George Floyd’s death has sparked great unrest within our society. However, this unrest has existed in our country for centuries. Black people have only been considered human beings in this country for 157 years and have only held rights equal to white men for 56 years. Our country has been around for 244 years and it took 188 of those years to give equal rights to another human being. And what was the reason for this lack of equality? The pigmentation of one’s skin. It can only be explained as pure ignorance that a human’s worth could be based upon the color of their skin.

Those who are ignorant will remain ignorant until they choose to understand. Racism stems from a lack of understanding of another human being. I don’t think that George Floyd’s killers took a second to understand him. Their prejudice and ignorance blinded them from the recognition of life. George Floyd was a human just like you. He had hopes. He had dreams. He had a family. He had life. All of which were taken from him based on a whim that he could do harm because of the color of his skin.

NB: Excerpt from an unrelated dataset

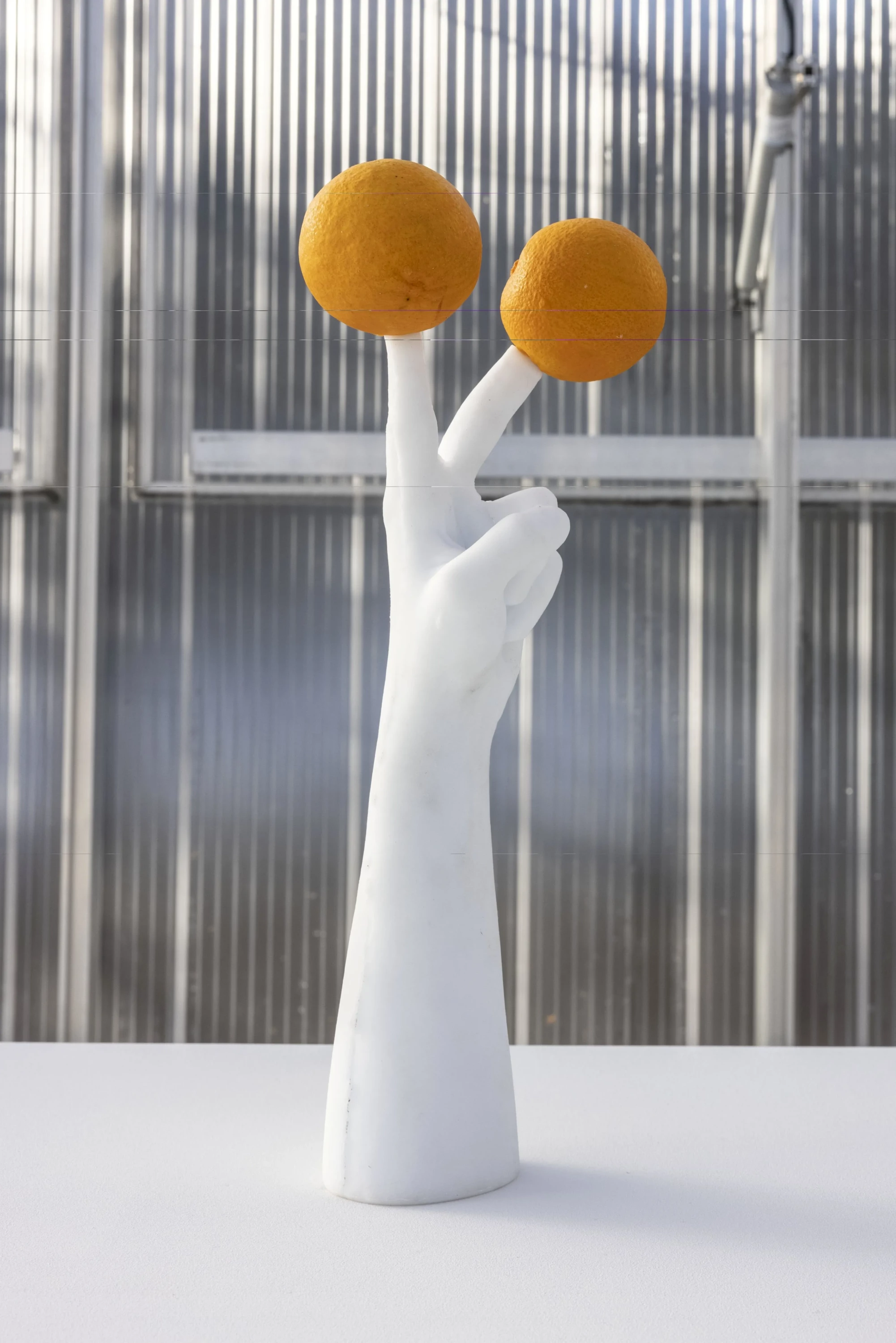 Erwin Wurm'un Murano camından yapılmış, iki parmağı yukarı kalkık, her bir parmağında parlak birer portakal dengelemiş beyaz el heykeli, dikey çizgili gri bir duvarın önündeki beyaz kaide üzerinde, sıra dışı bir portakal ağacı imgesi sunuyor.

The racist building blocks of this country continue to stand tall and seem to gleam even today. Systemic racism, hidden like a parasite within “the land of the free.” How can we be free if we cannot drive cars, take runs, or simply watch birds without the constant threat and fear of death? We still see modern-day lynchings occur while many people ignore that systemic racism is a real and present problem.   The person who recognizes the bad seed and does nothing about it is just as bad as the seed itself. Silence cannot bring about peace, only the voice can do that, and when the voice is not heard, violence ensues. George Floyd’s voice was not heard by the officer who knelt down on his neck and closed his throat, but his voice was heard by the world.

Over the past couple of months, we have seen demonstration after demonstration, and protest after protest for justice, but not only justice for Floyd; justice for Black Americans. People want change and silence cannot be tolerated any longer. We need reform and rebuilding within our country. We long for the hateful building blocks of America to be replaced by pillars of love. For only love can drive out hate. Only through understanding can we truly achieve peace and equality. Only then can we truly become “United.”

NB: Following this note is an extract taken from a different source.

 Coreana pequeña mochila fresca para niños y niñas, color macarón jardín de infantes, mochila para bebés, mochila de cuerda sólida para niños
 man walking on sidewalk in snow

BLM Movement: The Generation Seeking Change


By: Ebenezer Aggrey, Class of 2020


On May 25th, after the death of George Floyd, the Black community decided to take a stand and say we’ve had enough of the oppression, racism, and brutality that America has shown minorities.

Many people cannot understand why Blacks are angry about one man dying, but it goes much deeper than that. We are angry because Blacks are being killed. We are experiencing inequality on a daily basis, and our voices are being ignored all because of the color of our skin. This country’s laws were made to benefit whites and failed to even recognize a Black man as fully human. We are not being treated equally and justly, but if we, as a nation, can come together and recognize the problem, we can make things better.

What I love about my generation is that people feel like they can take a stand and speak up about things such as racism and inequality. I have seen numerous supporters from both the Black and white communities of our generation, but there will always be those who just can’t accept us Blacks and what we are trying to say. I’m referring to those people that say, “All Lives Matter” when we Blacks preach “Black Lives Matter.” We know that all lives matter, but we’re focused on Black lives right now because that’s who needs our immediate help and attention  I feel like those who try to preach all lives matter are just trying to undermine us Blacks because they know what was truly meant by our statement. It has been explained numerous times, and they still want to be a part of the problem.

I would just like to say that racism is experienced everywhere, and it is not a thing a person of color such as myself can run away from. Minority students have experienced racism at Catholic High School, but instead of staying quiet about it, a group of students formed and decided to change things for the better. We decided to start an African American Affinity group and, when the administration heard our plans to start this club, they were very supportive and helpful with our idea. Students and faculty were very supportive, and you could tell that CHS did not want to be a part of the problem that we Blacks experience in society.

As I look at society, seeing people protest and fight for the equality of Blacks, I hope that this is not a phase or a trend for some people. I hope that those people involved are fighting for us for the right reasons. I also hope that we are heard and listened to and that our message becomes ingrained in everyone’s mind. The only way change can really occur is if we all let go of the stereotypes and prejudices that were developed in the past long ago and start seeing everyone as the brothers and sisters we all are to each other.